No sooner was the $100 note back on the counter than the emergency services personnel re-entered the hotel office to return his key, saying he had just received a call requiring him to move on to another emergency. With goodwill, the hotelier offers to refund him the $100 note.

This single $100 note allowed many in the village to escape debt stress and feel good about their future.

Here’s monetary economist Jeffrey Rogers Hummel’s discussion of the lessons in this story:

There are several ways to think about this intriguing example. But they must recognize that these transactions have made no change in any of the parties' NET wealth. True, in the beginning, each resident has a $100 liability. But each also has an offsetting financial asset of $100. In the end, they all have neither. So the $100 bill acts as a clearing mechanism.
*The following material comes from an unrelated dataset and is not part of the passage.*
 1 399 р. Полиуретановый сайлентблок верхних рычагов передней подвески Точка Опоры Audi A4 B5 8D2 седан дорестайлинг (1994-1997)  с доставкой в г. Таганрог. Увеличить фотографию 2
This is a task normally done by banks. If there were a bank in town, it would do the same job and charge transaction fees. If it took a long time for some people to pay, it is reasonable for the bank to charge a fee (interest) for the Credit of $100 it supplied.

This economic system of banks issuing credit and charging fees is expensive, and the banks are unnecessarily compensated for the delays in money movement.

We don’t need banks to operate clearing houses. We need banks to transfer and store money, but other organisations can operate clearinghouse operations.

Two ways to compensate people for not receiving money immediately.

  1. Give the compensation as more money (interest).
  2. Give the compensation as discounts (less money) on their purchases.

With (1) the banks receive the money. With (2) the buyer.

There are two ways to compensate for the effort and risk of transactions.

  1. Accumulate the compensation and pay periodically.
  2. Provide it at the time of transactions.

With (1) the banks and owners of Capital receive the money. With (2), the seller, buyer and other stakeholders receive the money.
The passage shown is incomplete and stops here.